# What the exercise asks:
Below are some records. Reproduce them exactly from their first line through the line with "Jaguar F-pace (2016)", inclusive.
Start of Dataset records
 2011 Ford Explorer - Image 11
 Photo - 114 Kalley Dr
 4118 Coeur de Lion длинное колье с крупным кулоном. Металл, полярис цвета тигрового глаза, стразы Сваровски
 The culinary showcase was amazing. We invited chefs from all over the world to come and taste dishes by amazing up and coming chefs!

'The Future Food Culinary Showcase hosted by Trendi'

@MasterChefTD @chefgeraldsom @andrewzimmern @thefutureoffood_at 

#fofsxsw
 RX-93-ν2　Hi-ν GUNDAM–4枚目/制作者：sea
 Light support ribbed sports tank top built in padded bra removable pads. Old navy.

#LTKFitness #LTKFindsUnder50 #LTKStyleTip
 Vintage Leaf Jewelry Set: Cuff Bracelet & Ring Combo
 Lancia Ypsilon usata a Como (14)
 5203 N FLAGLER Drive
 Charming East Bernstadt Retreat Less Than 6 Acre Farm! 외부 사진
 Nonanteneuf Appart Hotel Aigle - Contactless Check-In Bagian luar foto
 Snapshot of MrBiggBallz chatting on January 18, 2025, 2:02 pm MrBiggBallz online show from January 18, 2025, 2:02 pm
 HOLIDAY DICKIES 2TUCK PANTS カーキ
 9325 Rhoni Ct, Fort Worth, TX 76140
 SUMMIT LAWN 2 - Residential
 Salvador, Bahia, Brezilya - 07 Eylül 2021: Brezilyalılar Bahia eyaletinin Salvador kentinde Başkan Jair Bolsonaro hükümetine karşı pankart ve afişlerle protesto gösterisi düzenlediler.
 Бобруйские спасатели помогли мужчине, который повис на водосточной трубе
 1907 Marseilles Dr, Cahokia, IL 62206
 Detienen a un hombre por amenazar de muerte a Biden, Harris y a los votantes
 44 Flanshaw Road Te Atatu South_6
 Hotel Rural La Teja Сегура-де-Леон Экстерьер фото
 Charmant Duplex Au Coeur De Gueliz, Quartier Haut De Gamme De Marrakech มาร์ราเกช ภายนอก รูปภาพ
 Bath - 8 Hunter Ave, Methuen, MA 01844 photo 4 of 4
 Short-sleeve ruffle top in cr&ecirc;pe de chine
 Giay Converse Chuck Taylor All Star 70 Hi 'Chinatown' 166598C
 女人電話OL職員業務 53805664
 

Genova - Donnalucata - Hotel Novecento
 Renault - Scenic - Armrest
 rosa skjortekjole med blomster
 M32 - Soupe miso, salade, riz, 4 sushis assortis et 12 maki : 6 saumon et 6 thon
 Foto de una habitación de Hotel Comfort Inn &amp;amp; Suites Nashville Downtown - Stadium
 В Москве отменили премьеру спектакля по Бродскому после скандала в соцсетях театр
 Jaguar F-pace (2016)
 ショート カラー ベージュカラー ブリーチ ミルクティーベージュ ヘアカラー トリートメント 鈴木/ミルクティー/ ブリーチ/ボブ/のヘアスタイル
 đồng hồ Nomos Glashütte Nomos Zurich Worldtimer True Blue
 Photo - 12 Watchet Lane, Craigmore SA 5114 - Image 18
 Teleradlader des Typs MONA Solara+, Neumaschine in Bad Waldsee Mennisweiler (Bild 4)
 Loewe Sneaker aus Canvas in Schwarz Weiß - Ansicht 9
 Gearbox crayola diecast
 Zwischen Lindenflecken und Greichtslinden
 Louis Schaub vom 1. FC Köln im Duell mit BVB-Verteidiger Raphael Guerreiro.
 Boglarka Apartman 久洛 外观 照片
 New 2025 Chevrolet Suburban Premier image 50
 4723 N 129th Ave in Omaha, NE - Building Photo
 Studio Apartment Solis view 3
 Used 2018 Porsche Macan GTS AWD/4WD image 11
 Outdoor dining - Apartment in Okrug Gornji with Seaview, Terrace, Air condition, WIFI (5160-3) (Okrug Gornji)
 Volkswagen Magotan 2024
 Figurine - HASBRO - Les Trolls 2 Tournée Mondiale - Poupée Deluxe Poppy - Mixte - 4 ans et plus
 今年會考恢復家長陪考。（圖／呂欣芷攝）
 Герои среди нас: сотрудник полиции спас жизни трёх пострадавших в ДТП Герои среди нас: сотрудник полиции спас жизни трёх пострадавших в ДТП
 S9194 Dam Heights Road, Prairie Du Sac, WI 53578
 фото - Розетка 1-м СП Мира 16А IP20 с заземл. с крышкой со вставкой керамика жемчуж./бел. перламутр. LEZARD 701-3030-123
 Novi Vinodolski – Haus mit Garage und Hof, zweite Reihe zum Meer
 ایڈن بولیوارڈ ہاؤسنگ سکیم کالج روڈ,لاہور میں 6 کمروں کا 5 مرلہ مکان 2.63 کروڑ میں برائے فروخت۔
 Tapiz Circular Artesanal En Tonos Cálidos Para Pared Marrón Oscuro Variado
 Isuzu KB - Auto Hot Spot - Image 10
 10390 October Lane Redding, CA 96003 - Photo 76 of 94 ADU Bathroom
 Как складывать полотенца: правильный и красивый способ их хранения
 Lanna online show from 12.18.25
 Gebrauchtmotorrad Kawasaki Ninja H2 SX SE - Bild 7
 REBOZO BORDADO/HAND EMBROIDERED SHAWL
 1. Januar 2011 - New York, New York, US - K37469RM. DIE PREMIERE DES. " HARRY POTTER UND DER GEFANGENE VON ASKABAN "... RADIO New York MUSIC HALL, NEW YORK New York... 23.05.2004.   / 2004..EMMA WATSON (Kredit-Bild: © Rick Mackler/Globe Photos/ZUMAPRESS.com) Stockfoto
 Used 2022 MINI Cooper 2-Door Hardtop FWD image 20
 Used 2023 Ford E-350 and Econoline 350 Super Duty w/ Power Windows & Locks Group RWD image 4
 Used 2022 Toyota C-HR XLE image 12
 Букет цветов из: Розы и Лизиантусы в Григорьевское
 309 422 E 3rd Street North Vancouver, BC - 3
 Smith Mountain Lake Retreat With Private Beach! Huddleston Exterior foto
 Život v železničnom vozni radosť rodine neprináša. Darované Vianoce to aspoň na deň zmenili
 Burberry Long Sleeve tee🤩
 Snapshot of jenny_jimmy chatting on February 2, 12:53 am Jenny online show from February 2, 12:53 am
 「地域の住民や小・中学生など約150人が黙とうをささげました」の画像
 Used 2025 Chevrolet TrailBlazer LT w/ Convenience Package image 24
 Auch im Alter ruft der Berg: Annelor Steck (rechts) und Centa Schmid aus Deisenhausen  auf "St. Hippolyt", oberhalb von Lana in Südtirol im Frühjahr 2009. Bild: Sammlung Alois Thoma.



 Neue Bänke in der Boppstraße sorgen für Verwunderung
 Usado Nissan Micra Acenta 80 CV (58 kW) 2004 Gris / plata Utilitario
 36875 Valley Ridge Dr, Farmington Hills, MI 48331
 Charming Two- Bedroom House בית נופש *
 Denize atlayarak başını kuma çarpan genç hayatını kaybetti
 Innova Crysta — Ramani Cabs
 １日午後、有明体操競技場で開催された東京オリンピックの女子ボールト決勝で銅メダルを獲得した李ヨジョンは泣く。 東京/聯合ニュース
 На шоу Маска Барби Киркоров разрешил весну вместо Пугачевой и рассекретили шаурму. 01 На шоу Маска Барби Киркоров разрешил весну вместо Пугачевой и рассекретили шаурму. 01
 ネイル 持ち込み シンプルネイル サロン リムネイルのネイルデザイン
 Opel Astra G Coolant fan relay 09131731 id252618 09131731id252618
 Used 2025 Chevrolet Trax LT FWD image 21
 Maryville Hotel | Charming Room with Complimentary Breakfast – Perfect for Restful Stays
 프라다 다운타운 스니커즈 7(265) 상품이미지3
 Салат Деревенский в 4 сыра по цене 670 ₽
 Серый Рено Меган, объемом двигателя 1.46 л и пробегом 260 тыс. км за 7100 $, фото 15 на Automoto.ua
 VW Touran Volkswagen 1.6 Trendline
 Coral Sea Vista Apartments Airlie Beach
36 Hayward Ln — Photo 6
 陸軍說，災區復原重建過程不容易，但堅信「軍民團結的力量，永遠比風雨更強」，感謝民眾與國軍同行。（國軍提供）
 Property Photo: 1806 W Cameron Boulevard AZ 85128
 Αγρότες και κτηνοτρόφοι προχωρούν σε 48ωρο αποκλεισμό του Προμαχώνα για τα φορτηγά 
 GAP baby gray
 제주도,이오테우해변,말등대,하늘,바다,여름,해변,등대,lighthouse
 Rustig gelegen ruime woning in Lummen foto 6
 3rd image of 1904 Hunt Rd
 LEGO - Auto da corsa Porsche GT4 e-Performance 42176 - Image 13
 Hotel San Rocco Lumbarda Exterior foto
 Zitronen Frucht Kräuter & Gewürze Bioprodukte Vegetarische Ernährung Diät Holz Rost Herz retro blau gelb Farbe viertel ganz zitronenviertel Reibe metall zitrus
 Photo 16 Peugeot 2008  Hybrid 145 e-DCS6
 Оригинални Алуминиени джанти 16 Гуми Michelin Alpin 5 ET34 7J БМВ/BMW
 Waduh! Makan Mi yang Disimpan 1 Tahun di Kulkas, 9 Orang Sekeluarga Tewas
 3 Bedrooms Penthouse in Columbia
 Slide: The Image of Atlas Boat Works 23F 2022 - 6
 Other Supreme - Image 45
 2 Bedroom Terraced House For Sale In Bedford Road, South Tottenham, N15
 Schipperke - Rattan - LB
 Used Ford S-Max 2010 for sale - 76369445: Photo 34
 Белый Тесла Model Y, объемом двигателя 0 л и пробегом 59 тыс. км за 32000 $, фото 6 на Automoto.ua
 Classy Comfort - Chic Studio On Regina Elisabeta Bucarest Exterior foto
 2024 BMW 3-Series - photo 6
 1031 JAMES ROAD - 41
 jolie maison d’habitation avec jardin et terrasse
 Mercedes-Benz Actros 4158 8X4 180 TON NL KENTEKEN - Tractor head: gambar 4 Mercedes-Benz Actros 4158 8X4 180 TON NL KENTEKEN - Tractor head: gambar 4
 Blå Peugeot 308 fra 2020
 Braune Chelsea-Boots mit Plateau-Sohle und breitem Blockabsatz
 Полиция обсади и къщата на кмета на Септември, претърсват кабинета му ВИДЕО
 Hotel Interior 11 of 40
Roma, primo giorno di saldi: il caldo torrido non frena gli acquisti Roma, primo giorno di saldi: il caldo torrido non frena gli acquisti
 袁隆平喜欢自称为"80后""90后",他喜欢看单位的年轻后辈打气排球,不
End of Dataset records
# Answer box:
 2011 Ford Explorer - Image 11
 Photo - 114 Kalley Dr
 4118 Coeur de Lion длинное колье с крупным кулоном. Металл, полярис цвета тигрового глаза, стразы Сваровски
 The culinary showcase was amazing. We invited chefs from all over the world to come and taste dishes by amazing up and coming chefs!

'The Future Food Culinary Showcase hosted by Trendi'

@MasterChefTD @chefgeraldsom @andrewzimmern @thefutureoffood_at 

#fofsxsw
 RX-93-ν2　Hi-ν GUNDAM–4枚目/制作者：sea
 Light support ribbed sports tank top built in padded bra removable pads. Old navy.

#LTKFitness #LTKFindsUnder50 #LTKStyleTip
 Vintage Leaf Jewelry Set: Cuff Bracelet & Ring Combo
 Lancia Ypsilon usata a Como (14)
 5203 N FLAGLER Drive
 Charming East Bernstadt Retreat Less Than 6 Acre Farm! 외부 사진
 Nonanteneuf Appart Hotel Aigle - Contactless Check-In Bagian luar foto
 Snapshot of MrBiggBallz chatting on January 18, 2025, 2:02 pm MrBiggBallz online show from January 18, 2025, 2:02 pm
 HOLIDAY DICKIES 2TUCK PANTS カーキ
 9325 Rhoni Ct, Fort Worth, TX 76140
 SUMMIT LAWN 2 - Residential
 Salvador, Bahia, Brezilya - 07 Eylül 2021: Brezilyalılar Bahia eyaletinin Salvador kentinde Başkan Jair Bolsonaro hükümetine karşı pankart ve afişlerle protesto gösterisi düzenlediler.
 Бобруйские спасатели помогли мужчине, который повис на водосточной трубе
 1907 Marseilles Dr, Cahokia, IL 62206
 Detienen a un hombre por amenazar de muerte a Biden, Harris y a los votantes
 44 Flanshaw Road Te Atatu South_6
 Hotel Rural La Teja Сегура-де-Леон Экстерьер фото
 Charmant Duplex Au Coeur De Gueliz, Quartier Haut De Gamme De Marrakech มาร์ราเกช ภายนอก รูปภาพ
 Bath - 8 Hunter Ave, Methuen, MA 01844 photo 4 of 4
 Short-sleeve ruffle top in cr&ecirc;pe de chine
 Giay Converse Chuck Taylor All Star 70 Hi 'Chinatown' 166598C
 女人電話OL職員業務 53805664
 

Genova - Donnalucata - Hotel Novecento
 Renault - Scenic - Armrest
 rosa skjortekjole med blomster
 M32 - Soupe miso, salade, riz, 4 sushis assortis et 12 maki : 6 saumon et 6 thon
 Foto de una habitación de Hotel Comfort Inn &amp;amp; Suites Nashville Downtown - Stadium
 В Москве отменили премьеру спектакля по Бродскому после скандала в соцсетях театр
 Jaguar F-pace (2016)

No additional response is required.